I'm wondering what was the reason for the -EINVAL.

> # flash_lock -l /dev/mtd1 0 2
> # cat
> /sys/devices/platform/soc/20c0000.spi/spi_master/spi0/spi0.0/status_reg
> a4
> 
> which is wrong, isn't it?
> 
Looks so. You should have obtained, 0xa8, right? Will recheck tomorrow 
morning.

Thanks for testing this! I don't have a 32Mbit flash ...

Cheers,
ta
> 
> > - "BP0:2 now" is the result of the operation "flash_lock /dev/mtd 0 1"
> > using
> > this patch
> > 
> > So before this patch, the lock operation was bad, because it locked 2
> > blocks
> > instead of one.
> > 
> >> >> >                2 | 110b         | 010b      |
> > 
> > - lock 2 erase blocks starting from offset 0. Results before this
> > patch, and
> > after this patch.
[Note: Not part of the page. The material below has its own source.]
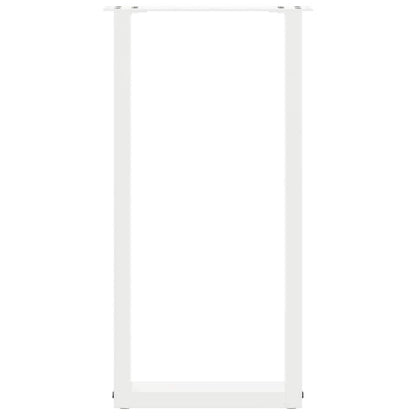 Salontafelpoten 2 st U-vormig 38x(72-73) cm staal wit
Continue the logic on the following lines.
> > 
> > oops there's a typo in column 2, sorry. The value in column 2 should
> > have been
> > 011b.
> > 
> > So before this patch, when one requested to lock 2 block starting from
> > offset
> > 0, we would obtain 4 blocks locked, and he should have obtained just 2.
> > 
> > The scope of this patch is to first fix the locking ops, so that we can
> > introduce a more generic formula that gives the same results as before
> > introducing it. Without this patch, the new formula will silently fix
> > the bug
> > that is described here.
> > 
> >> >> >                3 | 110b         | 010b      |
> >               
> >               ^ typo s/110b/011b
> > 
> > rest of the examples are good.
> > 
> > Cheers,
> > ta
> > 
> >> >> >                4 | 100b         | 011b      |
> >> >> >                5 | 100b         | 011b      |
> >> >> >                6 | 100b         | 011b      |
> >> >> >                7 | 100b         | 011b      |
> >> >> >                8 | 101b         | 100b      |
> >> >> >                9 | 101b         | 100b      |
> >> >> >              
> >> >> >              ... | ...          | ...       |
> >> >> > 
> >> >> > For the lock operation, if one requests to lock an area that is not
> >> >> > matching the upper boundary of a BP protected area, we round down
> >> >> > the total length and lock less than the user requested, in order to
> >> >> > not lock more than the user actually requested.